# Old Rudge



## militarymonark (Feb 17, 2014)

So I picked up a hub off ebay and came home with a frame, chainguard, fork, seat and some other parts. I bought a girls rudge for parts and put it together. The best part of this is the locking fork. I just have to get it keyed.


----------



## militarymonark (Feb 17, 2014)

I'll get some better pictures later


----------



## SirMike1983 (Feb 17, 2014)

The red hand... Nice bike.


----------



## militarymonark (Feb 21, 2014)

better pictures


----------



## militarymonark (Feb 21, 2014)

originally it was a rod brake bike but i just dont like that type of braking


----------



## cyclingday (Feb 23, 2014)

Nice bike, Patrick.
 I've always liked the symbolism of the hand on the Rudge headbadge, signifying, that they were built by hand.
 I've also always liked the Sunbeam, with the little oil bath chainguard.
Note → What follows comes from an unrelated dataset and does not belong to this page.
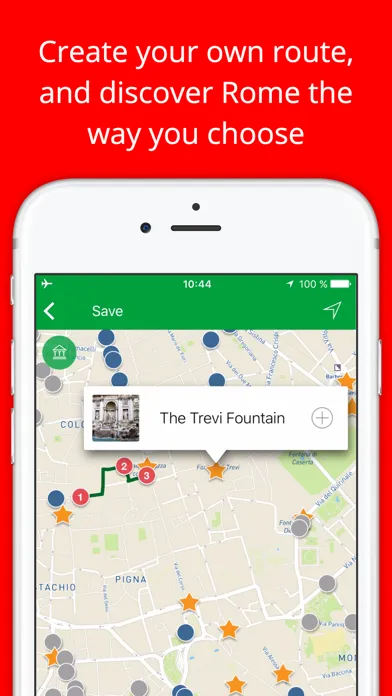 My Rome - Tourist audio-guide & offline map. Italy Screenshots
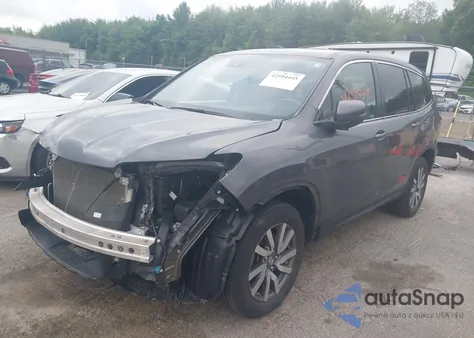 2020 Honda Pilot Awd Ex-L from USA, damaged, VIN 5FNYF6H55LB042707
You might take a look around for one of those while your over there as well.


----------



## SirMike1983 (Feb 24, 2014)

The hand comes from the "red hand of Ulster" because the founders of the Rudge cycle company purportedly hailed from there.


----------



## militarymonark (Feb 28, 2014)

It rides very nice, I just want to get the cables for it and key made.


----------



## joel.romeo.79 (Aug 20, 2014)

militarymonark said:


> originally it was a rod brake bike but i just dont like that type of braking




There are people haunting these pages who imagine a day they get there hands on a rod brake Rudge. It's still on my someday maybe list I will get lucky list, right next to a Miyata needle asahi


It wasn't me I swear.


----------